Tipsheet

A Populist Message

John Podhoretz notes that Republicans have morphed into the "eat-your-vegetables-and-shut-up" party. There isn't much of a populist message out there from the GOP, which has been maneuvered into seeming like the party that's ready to raise taxes on everyone to prevent them from going up on the "evil rich."

On Monday night, I noted some populist points the Republicans should be making. But there's also one that bears emphasizing: Contrary to their posturing, the Democrats aren't really the party of the "common man." They're the party of government -- the force that bosses the "common man" around. 

While the private sector struggles with continued high unemployment and undermployment, for government workers, the unemployment rate is just 4.3%. 

State government employees outearn their private sector counterparts by 6%. (Do you like what you're getting at the DMV?)

Government workers work one month less per year and three hours less per week than their private sector counterparts.

In 2010, USA Today found that federal employees' average compensation has risen more than double what private sector workers earn.
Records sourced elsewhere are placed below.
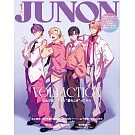 JUNON（2026.01）特別版：VOLTACTION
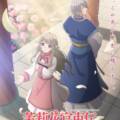 Matsurika Kanriden predstavuje nových členov obsadenia a odhaľuje dátum premiéry anime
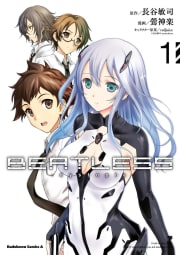 【新装版】ＢＥＡＴＬＥＳＳ‐ｄｙｓｔｏｐｉａ（１）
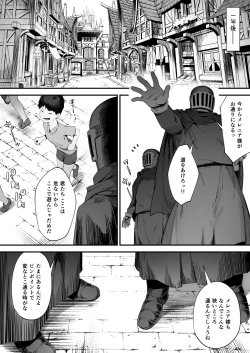 Page 11 of Oujo no Meirei de Stalker to Kekkon Saserareru Hanashi Final Episode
Your tax dollars at work, friends.

President Obama's policies aren't really about helping normal, working people get a leg up.  They're about advantaging government -- and government workers -- over those who do work or seek work in the private sector.  And there's a big problem with that: The public sector doesn't produce wealth, it consumes it.  The bigger the President grows government, the more he's going to have to raise taxes on everyone to support his preferred, government "elite" (as even Howard Dean noted). 

No, it's not popular for Republicans to defend high earners from tax increases (they may have to give in, though there would be significant silver linings, as Kim Strassel points out).  But they should make it clear that the President's class warfare talk is just a smoke screen for policies that do favor an elite -- it's just the government-based elite, rather than the private sector elite.